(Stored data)
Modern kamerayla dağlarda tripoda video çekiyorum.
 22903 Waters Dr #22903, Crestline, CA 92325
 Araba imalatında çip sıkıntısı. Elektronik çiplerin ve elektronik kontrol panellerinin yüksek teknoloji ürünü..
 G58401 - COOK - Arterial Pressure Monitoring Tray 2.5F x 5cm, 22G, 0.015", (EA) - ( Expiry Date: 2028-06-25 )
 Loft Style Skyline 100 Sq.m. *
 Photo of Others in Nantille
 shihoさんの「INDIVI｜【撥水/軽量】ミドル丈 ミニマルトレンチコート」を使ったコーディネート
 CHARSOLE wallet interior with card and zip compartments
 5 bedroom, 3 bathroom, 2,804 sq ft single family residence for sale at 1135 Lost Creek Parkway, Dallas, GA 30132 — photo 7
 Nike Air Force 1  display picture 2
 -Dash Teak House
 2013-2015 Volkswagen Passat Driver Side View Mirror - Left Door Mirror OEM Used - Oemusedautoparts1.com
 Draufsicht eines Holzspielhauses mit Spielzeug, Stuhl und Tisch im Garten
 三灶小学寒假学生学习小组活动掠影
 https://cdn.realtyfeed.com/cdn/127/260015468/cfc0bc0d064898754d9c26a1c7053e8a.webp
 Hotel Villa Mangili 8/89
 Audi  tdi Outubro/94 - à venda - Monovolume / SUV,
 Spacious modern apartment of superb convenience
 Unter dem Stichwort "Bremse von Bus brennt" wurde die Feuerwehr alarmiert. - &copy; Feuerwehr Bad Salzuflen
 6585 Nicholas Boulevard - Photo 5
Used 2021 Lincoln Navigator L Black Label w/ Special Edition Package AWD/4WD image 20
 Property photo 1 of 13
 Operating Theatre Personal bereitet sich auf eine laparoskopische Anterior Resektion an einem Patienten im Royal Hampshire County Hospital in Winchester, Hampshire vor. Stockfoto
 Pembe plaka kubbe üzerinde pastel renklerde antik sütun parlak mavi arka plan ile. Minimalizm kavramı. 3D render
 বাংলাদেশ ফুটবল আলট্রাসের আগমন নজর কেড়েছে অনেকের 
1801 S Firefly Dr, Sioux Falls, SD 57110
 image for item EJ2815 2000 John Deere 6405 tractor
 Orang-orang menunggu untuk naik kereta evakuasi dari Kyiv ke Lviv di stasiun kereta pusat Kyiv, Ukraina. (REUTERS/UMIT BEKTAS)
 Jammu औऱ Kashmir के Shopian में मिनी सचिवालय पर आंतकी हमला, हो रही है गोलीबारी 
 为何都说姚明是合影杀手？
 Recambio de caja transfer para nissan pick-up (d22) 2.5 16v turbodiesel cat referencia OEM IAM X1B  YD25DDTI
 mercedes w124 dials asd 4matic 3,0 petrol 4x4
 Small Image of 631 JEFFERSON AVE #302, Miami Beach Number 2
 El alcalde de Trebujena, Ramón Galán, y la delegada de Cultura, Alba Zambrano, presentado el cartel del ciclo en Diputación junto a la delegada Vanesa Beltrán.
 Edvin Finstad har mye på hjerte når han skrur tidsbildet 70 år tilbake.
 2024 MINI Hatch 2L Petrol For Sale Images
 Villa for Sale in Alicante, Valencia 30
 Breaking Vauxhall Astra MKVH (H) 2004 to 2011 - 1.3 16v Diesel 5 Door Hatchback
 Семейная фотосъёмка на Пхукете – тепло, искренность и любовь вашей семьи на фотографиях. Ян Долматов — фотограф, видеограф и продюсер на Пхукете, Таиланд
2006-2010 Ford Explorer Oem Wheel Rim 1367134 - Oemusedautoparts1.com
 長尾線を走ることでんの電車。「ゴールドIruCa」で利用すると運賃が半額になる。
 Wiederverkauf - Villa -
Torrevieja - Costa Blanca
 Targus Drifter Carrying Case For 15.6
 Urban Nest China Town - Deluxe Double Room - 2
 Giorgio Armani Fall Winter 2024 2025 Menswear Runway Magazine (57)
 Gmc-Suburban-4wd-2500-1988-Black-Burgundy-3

**Problem requirements:**
Could you set down, exactly as written, the lines above between the one holding "El alcalde de" and the one holding "Torrevieja - Costa Blanca", inclusive, and nothing more?

**Task answer:**
 El alcalde de Trebujena, Ramón Galán, y la delegada de Cultura, Alba Zambrano, presentado el cartel del ciclo en Diputación junto a la delegada Vanesa Beltrán.
 Edvin Finstad har mye på hjerte når han skrur tidsbildet 70 år tilbake.
 2024 MINI Hatch 2L Petrol For Sale Images
 Villa for Sale in Alicante, Valencia 30
 Breaking Vauxhall Astra MKVH (H) 2004 to 2011 - 1.3 16v Diesel 5 Door Hatchback
 Семейная фотосъёмка на Пхукете – тепло, искренность и любовь вашей семьи на фотографиях. Ян Долматов — фотограф, видеограф и продюсер на Пхукете, Таиланд
2006-2010 Ford Explorer Oem Wheel Rim 1367134 - Oemusedautoparts1.com
 長尾線を走ることでんの電車。「ゴールドIruCa」で利用すると運賃が半額になる。
 Wiederverkauf - Villa -
Torrevieja - Costa Blanca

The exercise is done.